Мой покойный отец – известный детский писатель Виктор Драгунский – никогда не был замешан ни во что политическое или руководящее. У него был дальний родственник, ныне тоже покойный, генерал Давид Драгунский. Мы дружили. Он был очень хороший человек, настоящий солдат, танкист, дважды Герой – но потом его политически использовали, сделав из него символ лояльного и процветающего советского еврейства. Меня часто спрашивали, какого Драгунского я родственник – писателя или генерала. И сразу было ясно, кто спрашивает. Номенклатурно-чиновный народ интересовался генералом, люди подемократичнее или погуманитарнее – писателем.
Символические маркировки гораздо интереснее.
В русской литературе (о других не могу судить) фамилия персонажа – инструмент для решения как минимум трех литературных задач.
Первое. Фамилия характеризует персонажа социально и этнически. Это, если можно так выразиться, внетекстовая (экстратекстуальная, извините) функция. Привязать персонажей к реальностям мира. В нашем случае: у русского крестьянина фамилия должна быть Ершов или Васин, а не Потемкин-Таврический, не Рабинович и не Чжао Фэньлань. Умышленные нарушения этого правила – даже если результат литературно блестящ – ничего не меняют по существу.
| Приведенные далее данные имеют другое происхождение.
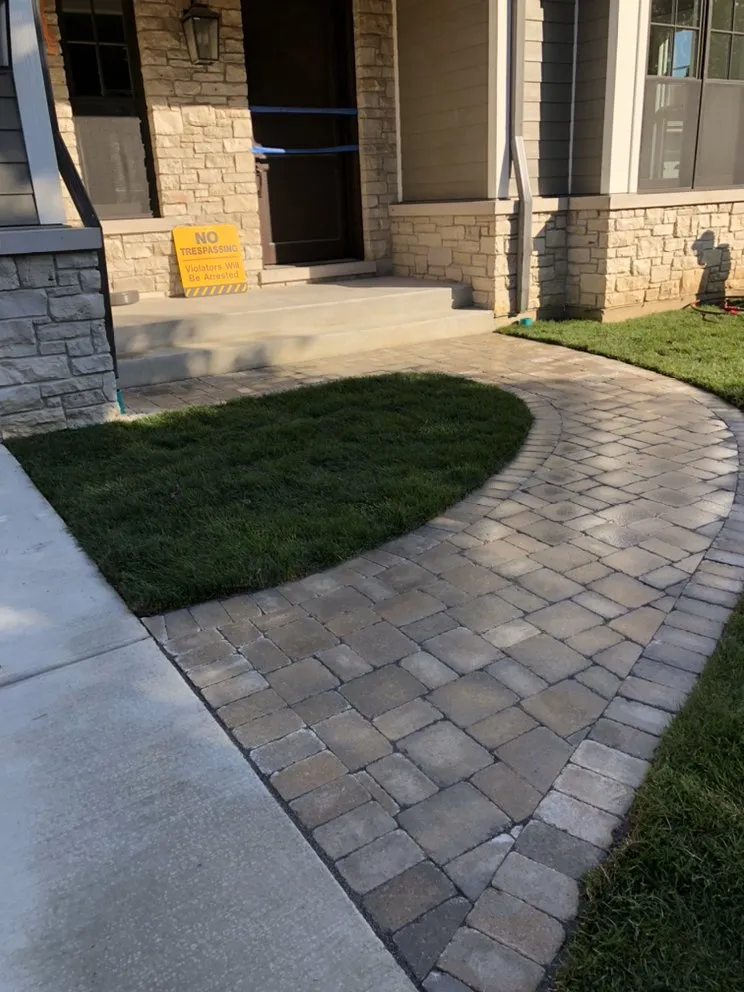 Professional garden landscaping for year-round maintenance in Prospect Heights, IL by a balderas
Второе – самое распространенное. Фамилия персонажа – это экономный ролевой маркер. Прежде всего это так называемые «говорящие фамилии», реальные и выдуманные. Говорящие фамилии есть, кажется, во всех литературах, в европейских уж точно. Английский мистер Снейк (змей) у Шеридана. Госпожа Ляйденфрост (печально-холодная) у современного немецкого автора (кстати, обе фамилии – реальные). Знаменитый фокус у Мопассана с Жоржем Дюруа, который, разбогатев и взлетев по карьерной лестнице, стал Дю Руа. Всего лишь один пробел, как много значит: Дюруа – это, если по-русски – Королев. А Дю Руа – Королевский.
Но особенно много говорящих фамилий в русской литературе. Иногда кажется, что все персонажи названы со значением. Тут речь идет о внутритекстовой (интратекстуальной, извините) функции.
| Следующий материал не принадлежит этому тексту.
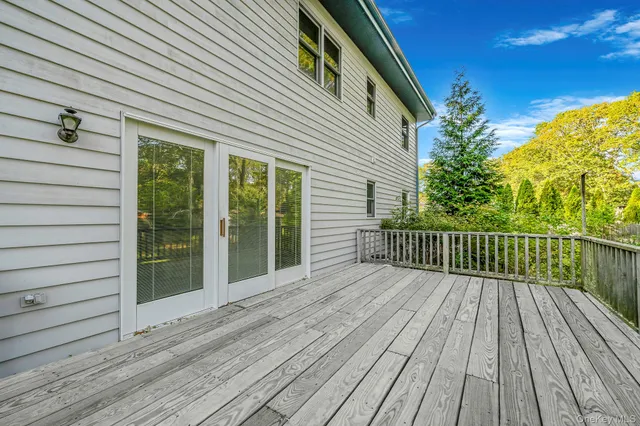 $849,000 | 484 Brookhaven Avenue, Riverhead, NY 11901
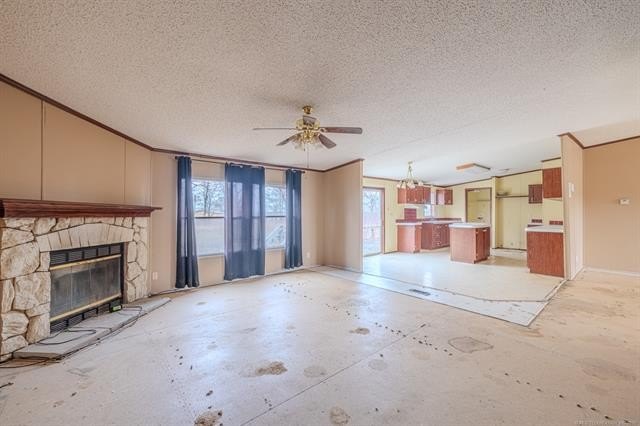 Big double wide with 2280 SF. on 10 fenced acres with utilities - photo 33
Простодушные Скотинин, Простакова и Стародум; Фамусов, Скалозуб и Молчалин; Счастливцев и Несчастливцев. Аристократические обманки Онегин и Ленский. Лев Мышкин – игра на противоположностях; возможно, что Достоевский позаимствовал это в водевиле 1840-х «Лев Гурыч Синичкин». С чуть более сложной, но все равно ясной семантикой – гоголевские Чичиков, Ноздрев и Манилов; чеховские Тригорин и Треплев, Серебряков и Астров, Старцев, Соленый.
У Достоевского есть глубокомысленные Верховенский и Ставрогин, неслучайный Раскольников, эмоционально нагруженные Свидригайлов, Смердяков, Лебядкин, Голядкин. У Островского – тонко изобретательные Великатов, Тугина, Бальзаминов.
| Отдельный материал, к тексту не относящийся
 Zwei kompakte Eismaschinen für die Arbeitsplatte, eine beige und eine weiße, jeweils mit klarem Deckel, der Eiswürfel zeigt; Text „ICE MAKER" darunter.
Есть фамилии, намекающие на исторические прототипы. Болконский (Волконский), Друбецкой (Трубецкой), Баздеев (Поздеев), Курагин (Куракин), Безухов (Безбородко) – а также Чацкий (Чаадаев). Такие фамилии – со слегка завуалированным указанием на прототип – называются «метонимы».
Достоевский в «Бесах» вывел Тургенева под фамилией Кармазинов. Тонкая игра – «кармазинный» значит «багровый» (от французского «cramoisi») – и намекает на сочувствие Тургенева революционерам, «красным», как тогда говорилось.
А вот если бы Тургенев стал персонажем «Таинственной страсти» Аксенова, он бы там, наверное, назывался Мумукин или Отцедетский. Это я к тому, что фамилия Вертикалов, придуманная для Высоцкого, кажется мне верхом фельетонного безвкусия. В советских романах-пасквилях я не раз видел: Воздвиженский – понимай, что это Вознесенский, Зрачков – что это Глазунов…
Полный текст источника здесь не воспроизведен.